> Task directions: All lines from the one with "Framed Print : Picture No. 12020236 Framed" onward, through the last line of the records below, are to be retyped word for word.

> Record set:

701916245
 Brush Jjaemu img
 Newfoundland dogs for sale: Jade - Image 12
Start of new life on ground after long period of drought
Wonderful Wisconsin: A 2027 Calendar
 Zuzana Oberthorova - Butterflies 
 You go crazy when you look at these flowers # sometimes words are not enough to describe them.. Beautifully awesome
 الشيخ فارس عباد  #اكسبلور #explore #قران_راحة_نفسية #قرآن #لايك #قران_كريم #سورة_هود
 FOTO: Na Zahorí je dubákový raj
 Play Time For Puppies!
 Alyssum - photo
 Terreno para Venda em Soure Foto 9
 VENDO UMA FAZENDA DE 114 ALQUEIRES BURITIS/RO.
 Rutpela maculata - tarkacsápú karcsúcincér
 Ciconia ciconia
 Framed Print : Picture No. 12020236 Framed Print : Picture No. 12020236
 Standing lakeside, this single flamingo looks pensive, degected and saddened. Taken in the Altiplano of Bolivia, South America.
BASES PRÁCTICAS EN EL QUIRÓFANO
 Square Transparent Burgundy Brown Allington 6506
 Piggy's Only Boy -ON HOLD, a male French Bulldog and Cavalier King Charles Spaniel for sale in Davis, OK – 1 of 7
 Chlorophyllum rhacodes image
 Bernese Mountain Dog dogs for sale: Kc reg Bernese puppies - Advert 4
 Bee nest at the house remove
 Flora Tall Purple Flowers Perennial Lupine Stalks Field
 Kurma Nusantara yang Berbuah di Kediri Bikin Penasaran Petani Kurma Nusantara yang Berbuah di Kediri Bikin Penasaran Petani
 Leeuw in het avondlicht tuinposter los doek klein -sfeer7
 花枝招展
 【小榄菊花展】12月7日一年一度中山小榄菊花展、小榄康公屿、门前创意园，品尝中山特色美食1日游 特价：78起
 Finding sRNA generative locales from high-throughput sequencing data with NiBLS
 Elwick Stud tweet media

> Response box:
 Framed Print : Picture No. 12020236 Framed Print : Picture No. 12020236
 Standing lakeside, this single flamingo looks pensive, degected and saddened. Taken in the Altiplano of Bolivia, South America.
BASES PRÁCTICAS EN EL QUIRÓFANO
 Square Transparent Burgundy Brown Allington 6506
 Piggy's Only Boy -ON HOLD, a male French Bulldog and Cavalier King Charles Spaniel for sale in Davis, OK – 1 of 7
 Chlorophyllum rhacodes image
 Bernese Mountain Dog dogs for sale: Kc reg Bernese puppies - Advert 4
 Bee nest at the house remove
 Flora Tall Purple Flowers Perennial Lupine Stalks Field
 Kurma Nusantara yang Berbuah di Kediri Bikin Penasaran Petani Kurma Nusantara yang Berbuah di Kediri Bikin Penasaran Petani
 Leeuw in het avondlicht tuinposter los doek klein -sfeer7
 花枝招展
 【小榄菊花展】12月7日一年一度中山小榄菊花展、小榄康公屿、门前创意园，品尝中山特色美食1日游 特价：78起
 Finding sRNA generative locales from high-throughput sequencing data with NiBLS
 Elwick Stud tweet media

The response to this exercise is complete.